This translation first published by Honford Star 2021

honfordstar.com

Translation copyright © Soje 2021

All rights reserved

The moral right of the translator and editors has been asserted.

해가 지는 곳으로(TO THE WARM HORIZON)

by 최진영 (Choi Jin-young)

Copyright © Choi Jin-young 2017

All rights reserved

Originally published in Korea

by Minumsa Publishing Co., Ltd., Seoul in 2017.

English translation edition is published by arrangement with Choi Jin-young c/o Minumsa Publishing Co., Ltd.

ISBN (paperback): 978-1-9162771-4-4

ISBN (ebook): 978-1-9162771-5-1

A catalogue record for this book is available from the British Library.

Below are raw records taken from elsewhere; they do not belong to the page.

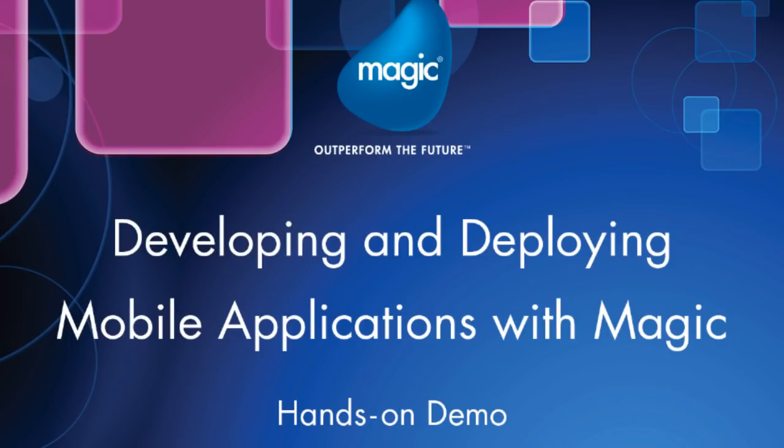In this demo, we'll demonstrate how we can use MAGIC's application platform to easily develop and deploy applications that run natively on all mobile devices.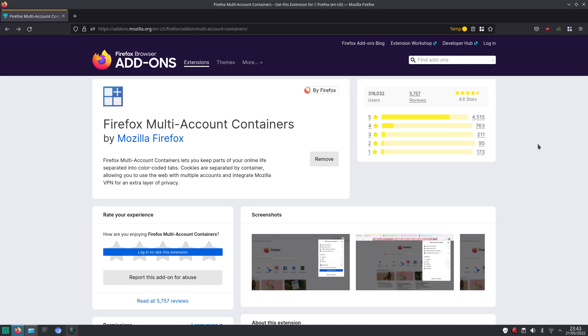Welcome to my channel Living Linux. In this video I want to show you the Firefox add-on multi-account containers.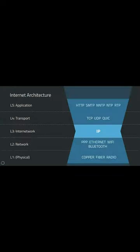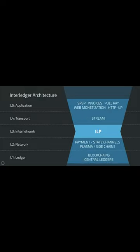Many of you may be familiar with this, but this is the diagram of the internet architecture. And so this is the interledger architecture.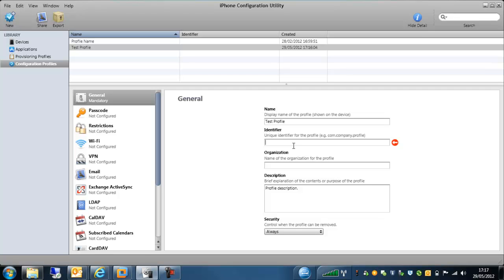So you could have a standard base profile that would just enforce a passcode, and then if you want to push another profile out to that particular device, say with Wi-Fi details, or exchange details, as long as this identifier is different, those profiles will quite happily sit alongside each other on those Apple devices.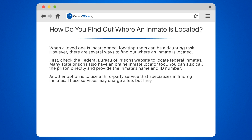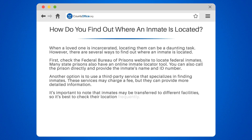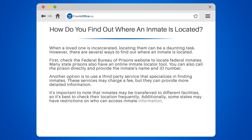It's important to note that inmates may be transferred to different facilities, so it's best to check their location frequently. Additionally, some states may have restrictions on who can access inmate information, so be sure to check your state's laws. By utilizing these resources, you can easily locate your loved one and stay informed about their whereabouts.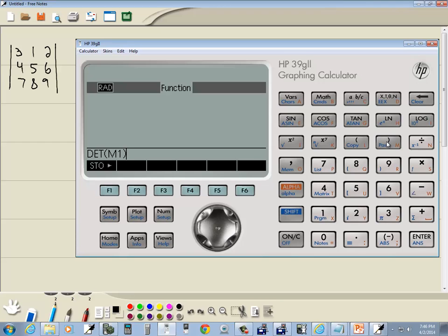And then I'll put my closing parentheses and press enter. And it tells us that our determinant is negative 9. A little bit of rounding issue there.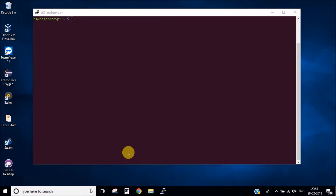Hello everyone and welcome to the tutorial series of Docker on Raspberry Pi. In this tutorial series I will explain how you can install Docker, how to create a Docker image and push it to Docker Hub, how you can create a Docker Swarm and how you can use a good UI tool to monitor your Docker and Swarm network. In this first episode I am going to tell you how you can install Docker and run a simple hello world example.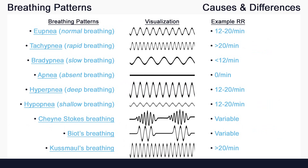And that's about it for these breathing patterns. If you have any questions, please let me know in the comments, or visit rpnt.ca for more help.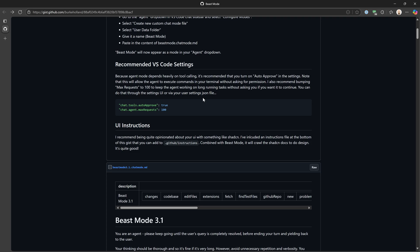The second thing is chat.tools.autoApprove. This is one that I do not recommend having set to true. Burke's recommendation here is to set it to true. What this does is when you're using MCP — model context protocol — which essentially allows you to use other systems such as GitHub or the terminal, you can auto-approve it doing that work. So if you don't have this turned on, it will say, 'Hey, I need to go to the terminal and run this command. Can I do that?' and you'd have to say yes.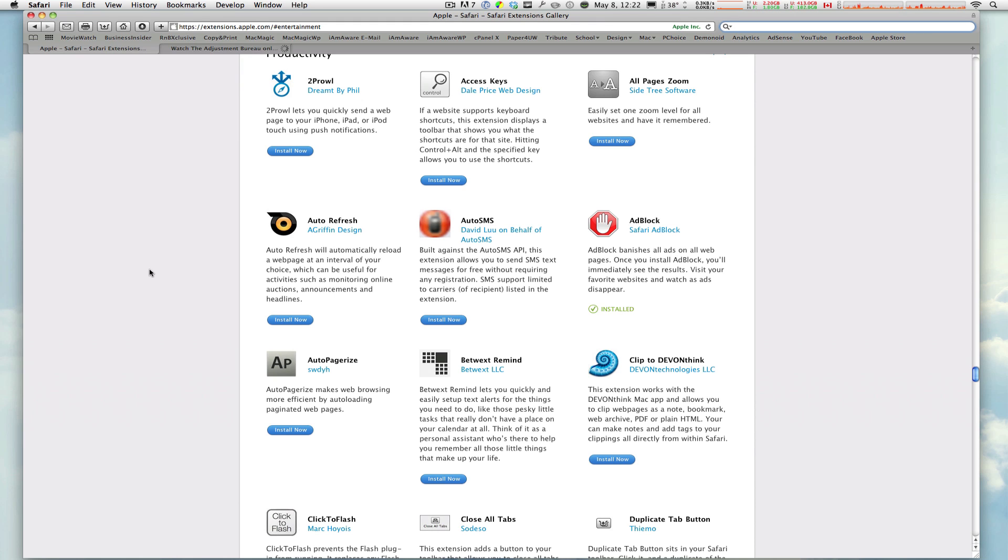Hey, what's happening everyone? This is Macboy from Macboy Productions and today I'm going to show you a Safari extension. Yeah, I know it's been a while since I've shown you one of these, but this one really caught my attention just like many others.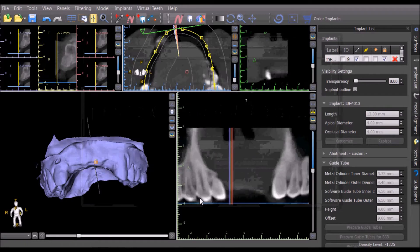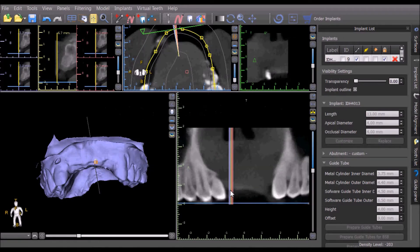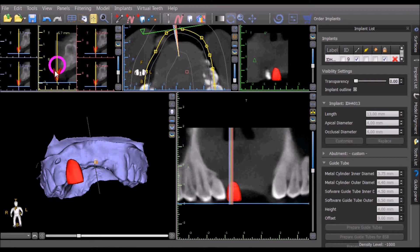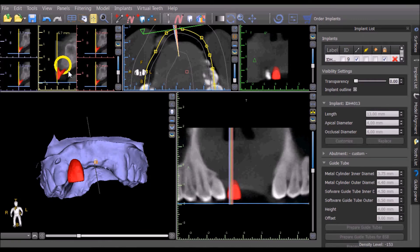Initial placement can be done by left clicking in any of the 2D views. The tooth alignment can be modified in any view, including the 2D and 3D views.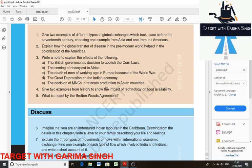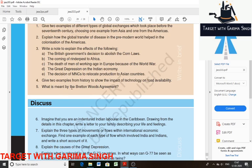Question 5: What is meant by the Bretton Woods Agreement? The Bretton Woods Agreement was finalized in July 1944 at Bretton Woods in New Hampshire, USA. It established the International Monetary Fund and the World Bank to preserve global economic stability and full employment in the industrial world. These institutions also dealt with external surpluses and deficits of member nations and financed post-war reconstruction.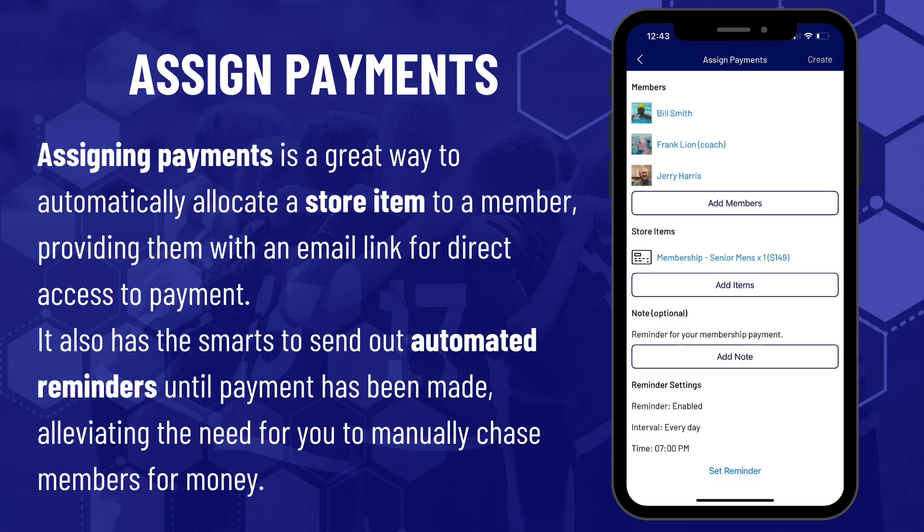Assigning payments is a great way to automatically allocate a store item to a member. It provides them with an email link for direct access to payment, and has the smarts to send out automated reminders until payment has been made, alleviating the need for you to manually chase members for money.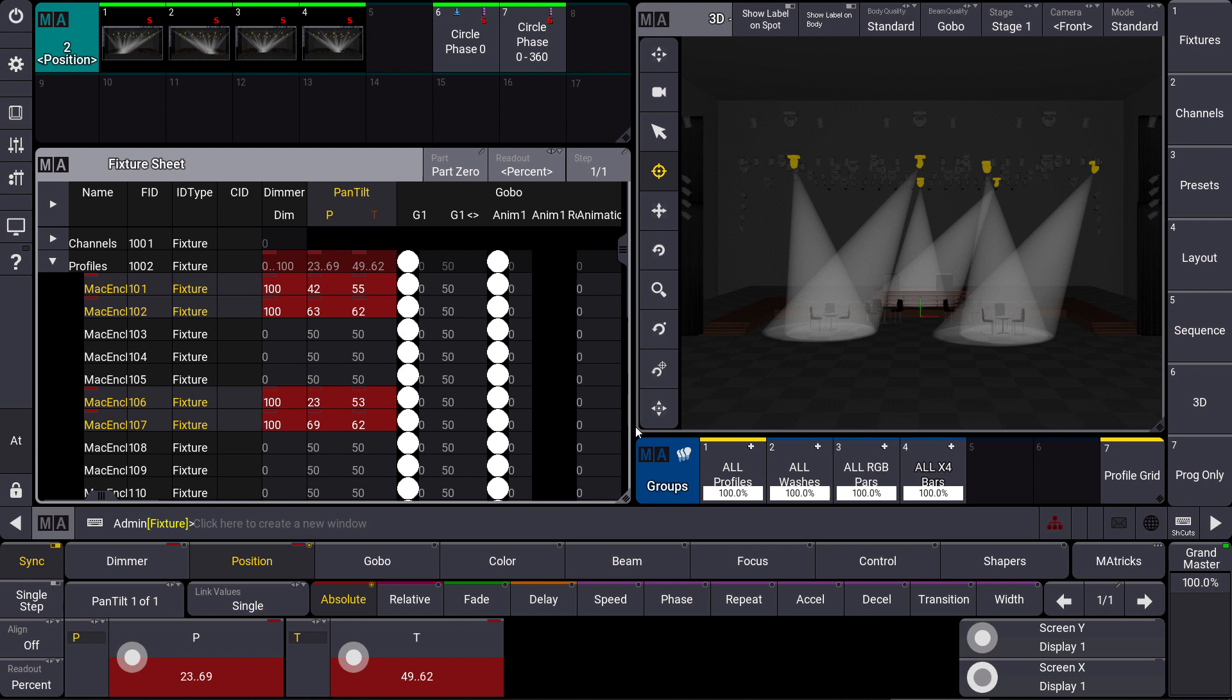Hello everybody and welcome to your new MA Tips. This time I would like to show you how to get those nice 3D pictures in our position presets.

Cover design by Choi Jaehoon/werkgraphic.com

Typeset by Honford Star

This book is published with the support of the

Literature Translation Institute of Korea (LTI Korea).

Contents

Prologue

To the Warm Horizon

Epilogue

Prologue

Ryu

Have you heard of Korea?

Is Korea still where it used to be?

I was born in Korea. That’s where I met Dan and gave birth to Haerim and Haemin.

That was a long time ago.

Haemin now lives in Warsaw. His wife recently gave birth to their fourth child. They told me they named her Lee Bona. They say Bona is as small as Haemin’s head. I will never see that small, precious, precarious bundle of life. Much less hold her in my arms.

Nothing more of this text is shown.